Ironisnya, belum ada satu pun koperasi dari Kotawaringin Timur (Kotim) yang melakukan koordinasi.
Informasi ini diungkapkan oleh Heri Kristiono, Sekretaris Koperasi Sinar Mentari Pagi, salah satu dari lima koperasi yang hadir dalam kegiatan koordinasi yang dilaksanakan pada Jumat 16 Mei 2025 lalu di kantor Balai Perhutanan Sosial Banjarbaru.
“Padahal kita tahu, jumlah koperasi yang telah mendapatkan izin perhutanan sosial di Kotim sangat banyak sampai ratusan. Tapi belum ada satu pun yang datang langsung ke Balai untuk berkoordinasi seperti kami,” ujar Heri, Rabu 28 Mei 2025.

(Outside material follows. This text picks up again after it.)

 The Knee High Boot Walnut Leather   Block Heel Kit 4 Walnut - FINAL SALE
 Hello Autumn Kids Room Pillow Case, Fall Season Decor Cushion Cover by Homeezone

Lima koperasi yang telah hadir dalam kegiatan tersebut adalah Koperasi Sinar Mentari Pagi, Koperasi Bima Penyang Mandiri, Koperasi Rongkang Jaya Mandiri, Koperasi Bangkuang Makmur Lestari, dan Koperasi KUD Permata.
Kehadiran mereka sebagai bentuk tanggung jawab dalam memenuhi kewajiban koperasi penerima izin perhutanan sosial terhadap negara.
“Setelah menerima izin perhutanan sosial, tentu ada kewajiban-kewajiban yang harus kami penuhi dan taati. Maka dari itu kami datang langsung ke Balai Perhutanan Sosial di Banjarbaru untuk meminta arahan dan petunjuk sesuai aturan yang berlaku,” tegasnya.
Ia berharap koperasi-koperasi lain, khususnya yang berada di Kotim, juga segera mengambil langkah serupa. Ada lima persyaratan yang harus dipenuhi dan mereka bersyukur koperasi mereka sudah memenuhi persyaratan tersebut.
Pemenuhan kewajiban tersebut bukan hanya sebagai bentuk ketaatan terhadap regulasi yang ada namun sebagai upaya taatnya koperasi dalam aturan demi kondusifitas kegiatan perkoperasian selama ini.